Monday morning, drove Dao to daycare as usual. Pulled into the parking lot, he started mumbling, “my tummy hurts.” Before I could unbuckle him, he vomited all over his jacket. As I tried to reach for some paper towel, he threw up again all over himself. I told him to stay put and we drove back home. He said “yes” softly and remained quiet the whole way home.
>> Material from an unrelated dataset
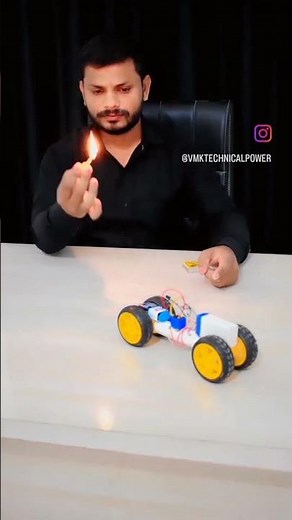 Fire Fighting Robot, Fire Alarm Project, Science Project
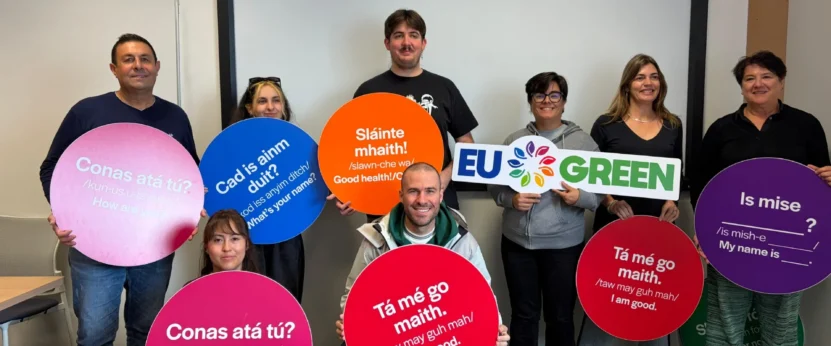 Miembros de EU GREEN en Irlanda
I called off work and stayed with the boys and grandparents. We rebuilt the track on Dao’s table train. We added a bridge and added more rails. I held cu Dan on my arms and played with cu Dao. I had such a wonderful time with them. Dao was behaving quite well. I even got him to eat some rice and stir-fried vegetables grandma made. He took a bite of a string bean and said, “This is amazing.” Amazing? where did he get that word from? Then I got him to nap.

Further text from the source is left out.